## Exercise requirements
Repeat every record exactly as written.

Items listed in a dataset

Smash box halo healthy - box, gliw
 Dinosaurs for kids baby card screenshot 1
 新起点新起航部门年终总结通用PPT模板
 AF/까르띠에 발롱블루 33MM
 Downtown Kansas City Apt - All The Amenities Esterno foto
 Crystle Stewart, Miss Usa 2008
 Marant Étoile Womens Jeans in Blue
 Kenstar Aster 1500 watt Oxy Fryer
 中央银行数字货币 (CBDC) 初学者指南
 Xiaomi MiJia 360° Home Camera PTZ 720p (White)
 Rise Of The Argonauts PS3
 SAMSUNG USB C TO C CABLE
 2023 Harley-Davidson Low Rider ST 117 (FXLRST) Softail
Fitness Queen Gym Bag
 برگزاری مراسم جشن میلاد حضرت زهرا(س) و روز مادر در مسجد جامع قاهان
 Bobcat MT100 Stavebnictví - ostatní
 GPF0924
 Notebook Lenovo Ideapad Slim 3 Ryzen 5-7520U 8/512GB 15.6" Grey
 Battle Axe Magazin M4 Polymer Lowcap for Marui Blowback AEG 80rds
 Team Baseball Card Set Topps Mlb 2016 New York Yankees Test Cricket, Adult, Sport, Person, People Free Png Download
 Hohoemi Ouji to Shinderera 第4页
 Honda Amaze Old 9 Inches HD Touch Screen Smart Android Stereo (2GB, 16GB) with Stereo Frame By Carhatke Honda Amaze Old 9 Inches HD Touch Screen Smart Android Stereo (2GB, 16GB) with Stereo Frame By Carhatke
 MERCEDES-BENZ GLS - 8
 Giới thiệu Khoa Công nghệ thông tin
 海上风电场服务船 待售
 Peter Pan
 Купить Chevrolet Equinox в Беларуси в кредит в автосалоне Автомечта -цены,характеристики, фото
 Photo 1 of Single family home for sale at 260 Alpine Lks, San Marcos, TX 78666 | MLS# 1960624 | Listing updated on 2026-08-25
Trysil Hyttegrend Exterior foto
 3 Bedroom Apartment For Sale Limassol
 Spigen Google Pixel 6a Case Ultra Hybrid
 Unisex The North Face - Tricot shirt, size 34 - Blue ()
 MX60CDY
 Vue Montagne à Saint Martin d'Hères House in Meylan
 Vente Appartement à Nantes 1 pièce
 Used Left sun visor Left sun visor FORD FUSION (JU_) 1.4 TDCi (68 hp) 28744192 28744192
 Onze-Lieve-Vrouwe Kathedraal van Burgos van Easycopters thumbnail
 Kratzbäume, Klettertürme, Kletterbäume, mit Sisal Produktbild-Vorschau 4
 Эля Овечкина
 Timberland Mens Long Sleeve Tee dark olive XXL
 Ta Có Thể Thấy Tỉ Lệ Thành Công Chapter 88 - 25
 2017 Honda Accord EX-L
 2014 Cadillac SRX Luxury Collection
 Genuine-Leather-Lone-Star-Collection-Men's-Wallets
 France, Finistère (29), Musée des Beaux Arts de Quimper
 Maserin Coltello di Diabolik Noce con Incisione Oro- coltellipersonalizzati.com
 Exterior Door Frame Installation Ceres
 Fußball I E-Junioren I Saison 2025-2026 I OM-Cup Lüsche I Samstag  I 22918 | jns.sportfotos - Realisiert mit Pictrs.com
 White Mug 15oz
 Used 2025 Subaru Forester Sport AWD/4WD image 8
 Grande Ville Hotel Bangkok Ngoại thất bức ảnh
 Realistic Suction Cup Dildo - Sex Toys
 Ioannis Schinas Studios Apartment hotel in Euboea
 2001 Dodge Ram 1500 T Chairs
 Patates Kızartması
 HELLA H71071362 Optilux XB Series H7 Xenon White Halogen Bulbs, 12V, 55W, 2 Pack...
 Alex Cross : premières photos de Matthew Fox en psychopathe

## Task solution
Smash box halo healthy - box, gliw
 Dinosaurs for kids baby card screenshot 1
 新起点新起航部门年终总结通用PPT模板
 AF/까르띠에 발롱블루 33MM
 Downtown Kansas City Apt - All The Amenities Esterno foto
 Crystle Stewart, Miss Usa 2008
 Marant Étoile Womens Jeans in Blue
 Kenstar Aster 1500 watt Oxy Fryer
 中央银行数字货币 (CBDC) 初学者指南
 Xiaomi MiJia 360° Home Camera PTZ 720p (White)
 Rise Of The Argonauts PS3
 SAMSUNG USB C TO C CABLE
 2023 Harley-Davidson Low Rider ST 117 (FXLRST) Softail
Fitness Queen Gym Bag
 برگزاری مراسم جشن میلاد حضرت زهرا(س) و روز مادر در مسجد جامع قاهان
 Bobcat MT100 Stavebnictví - ostatní
 GPF0924
 Notebook Lenovo Ideapad Slim 3 Ryzen 5-7520U 8/512GB 15.6" Grey
 Battle Axe Magazin M4 Polymer Lowcap for Marui Blowback AEG 80rds
 Team Baseball Card Set Topps Mlb 2016 New York Yankees Test Cricket, Adult, Sport, Person, People Free Png Download
 Hohoemi Ouji to Shinderera 第4页
 Honda Amaze Old 9 Inches HD Touch Screen Smart Android Stereo (2GB, 16GB) with Stereo Frame By Carhatke Honda Amaze Old 9 Inches HD Touch Screen Smart Android Stereo (2GB, 16GB) with Stereo Frame By Carhatke
 MERCEDES-BENZ GLS - 8
 Giới thiệu Khoa Công nghệ thông tin
 海上风电场服务船 待售
 Peter Pan
 Купить Chevrolet Equinox в Беларуси в кредит в автосалоне Автомечта -цены,характеристики, фото
 Photo 1 of Single family home for sale at 260 Alpine Lks, San Marcos, TX 78666 | MLS# 1960624 | Listing updated on 2026-08-25
Trysil Hyttegrend Exterior foto
 3 Bedroom Apartment For Sale Limassol
 Spigen Google Pixel 6a Case Ultra Hybrid
 Unisex The North Face - Tricot shirt, size 34 - Blue ()
 MX60CDY
 Vue Montagne à Saint Martin d'Hères House in Meylan
 Vente Appartement à Nantes 1 pièce
 Used Left sun visor Left sun visor FORD FUSION (JU_) 1.4 TDCi (68 hp) 28744192 28744192
 Onze-Lieve-Vrouwe Kathedraal van Burgos van Easycopters thumbnail
 Kratzbäume, Klettertürme, Kletterbäume, mit Sisal Produktbild-Vorschau 4
 Эля Овечкина
 Timberland Mens Long Sleeve Tee dark olive XXL
 Ta Có Thể Thấy Tỉ Lệ Thành Công Chapter 88 - 25
 2017 Honda Accord EX-L
 2014 Cadillac SRX Luxury Collection
 Genuine-Leather-Lone-Star-Collection-Men's-Wallets
 France, Finistère (29), Musée des Beaux Arts de Quimper
 Maserin Coltello di Diabolik Noce con Incisione Oro- coltellipersonalizzati.com
 Exterior Door Frame Installation Ceres
 Fußball I E-Junioren I Saison 2025-2026 I OM-Cup Lüsche I Samstag  I 22918 | jns.sportfotos - Realisiert mit Pictrs.com
 White Mug 15oz
 Used 2025 Subaru Forester Sport AWD/4WD image 8
 Grande Ville Hotel Bangkok Ngoại thất bức ảnh
 Realistic Suction Cup Dildo - Sex Toys
 Ioannis Schinas Studios Apartment hotel in Euboea
 2001 Dodge Ram 1500 T Chairs
 Patates Kızartması
 HELLA H71071362 Optilux XB Series H7 Xenon White Halogen Bulbs, 12V, 55W, 2 Pack...
 Alex Cross : premières photos de Matthew Fox en psychopathe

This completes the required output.